The Philosophy of Black Mirror w/ Patrick Lee Miller

Hello, everybody! Just before we get into the weekend, I have a new interview with Dr. Patrick Lee Miller for you. He is an associate professor of Philosophy at Duquesne University, in Pittsburgh, Pennsylvania. He is the author of Becoming God: Pure Reason in Early Greek Philosophy (Bloomsbury, 2012), and co-editor of Introductory Readings in Ancient Greek and Roman Philosophy (Hackett, 2015). He also writes for Quillette.

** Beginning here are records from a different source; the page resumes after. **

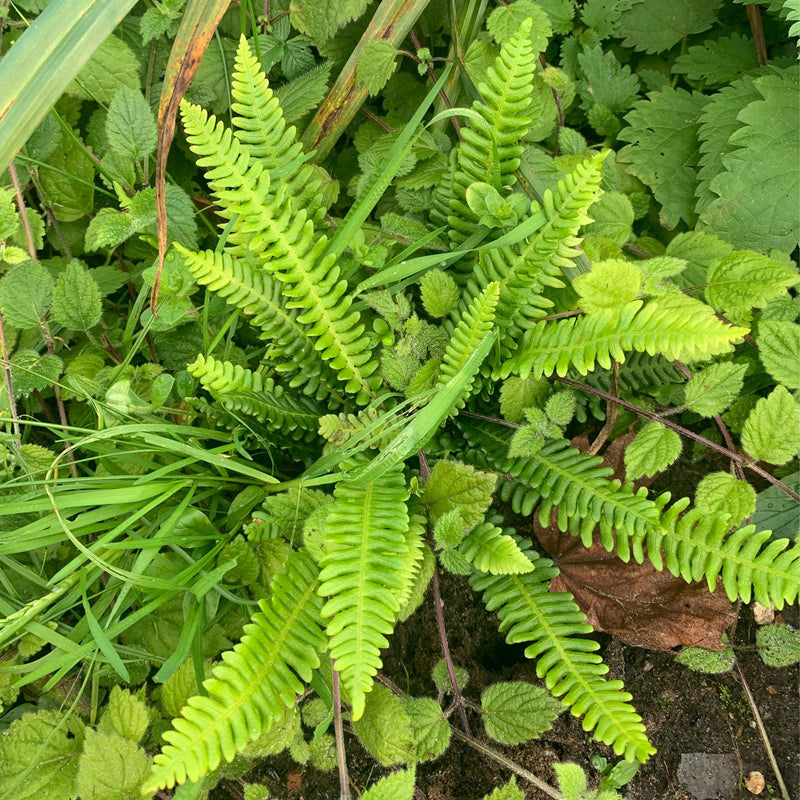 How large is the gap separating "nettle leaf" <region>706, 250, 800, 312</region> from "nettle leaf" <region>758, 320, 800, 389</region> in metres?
0.08

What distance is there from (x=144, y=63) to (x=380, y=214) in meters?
0.92

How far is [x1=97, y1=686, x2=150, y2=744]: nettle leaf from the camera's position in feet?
5.78

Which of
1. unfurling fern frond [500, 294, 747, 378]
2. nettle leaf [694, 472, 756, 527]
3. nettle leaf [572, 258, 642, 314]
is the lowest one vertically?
nettle leaf [694, 472, 756, 527]

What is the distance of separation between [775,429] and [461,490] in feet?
2.53

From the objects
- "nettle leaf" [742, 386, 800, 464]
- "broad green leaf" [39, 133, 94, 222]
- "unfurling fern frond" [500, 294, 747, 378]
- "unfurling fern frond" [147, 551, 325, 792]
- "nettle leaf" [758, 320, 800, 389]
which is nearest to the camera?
"unfurling fern frond" [147, 551, 325, 792]

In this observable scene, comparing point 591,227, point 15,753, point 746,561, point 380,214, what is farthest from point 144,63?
point 746,561

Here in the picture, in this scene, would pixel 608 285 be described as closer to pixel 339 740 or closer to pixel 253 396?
pixel 253 396

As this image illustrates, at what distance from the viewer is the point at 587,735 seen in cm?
196

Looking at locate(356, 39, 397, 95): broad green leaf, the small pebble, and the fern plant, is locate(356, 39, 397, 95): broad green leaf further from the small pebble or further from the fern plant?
the small pebble

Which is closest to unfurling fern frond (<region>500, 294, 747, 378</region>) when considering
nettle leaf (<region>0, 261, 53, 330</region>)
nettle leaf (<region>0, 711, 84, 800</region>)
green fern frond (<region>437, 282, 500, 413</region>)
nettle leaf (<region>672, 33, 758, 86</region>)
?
green fern frond (<region>437, 282, 500, 413</region>)

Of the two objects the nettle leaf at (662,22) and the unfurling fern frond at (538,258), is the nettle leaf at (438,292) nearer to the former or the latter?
the unfurling fern frond at (538,258)

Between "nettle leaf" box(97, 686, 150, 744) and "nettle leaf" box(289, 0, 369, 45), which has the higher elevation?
"nettle leaf" box(289, 0, 369, 45)

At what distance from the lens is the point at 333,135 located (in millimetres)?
2170

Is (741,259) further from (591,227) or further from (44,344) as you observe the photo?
(44,344)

In this episode, we talk about the philosophy of the Black Mirror series, by Charlie Brooker. We go through some of the general themes we were able to identify running through the series, including: the individual and social aspects of life, and their interplay; the role that technology plays, and if it leaves space open for human agency; personhood, the self, copies, simulations, and how we should deal with them; what it is to be the “true” person; the benefits of virtual reality, as well as its drawbacks; mortality, immortality, and the meaning of life; punishment and Nietzsche’s Eternal Return; how we should deal with memory and knowledge, and what we should know. In the latter part of the discussion, we also talk about the usefulness of thought experiments, the relationship between philosophy and science, and the Platonic soul.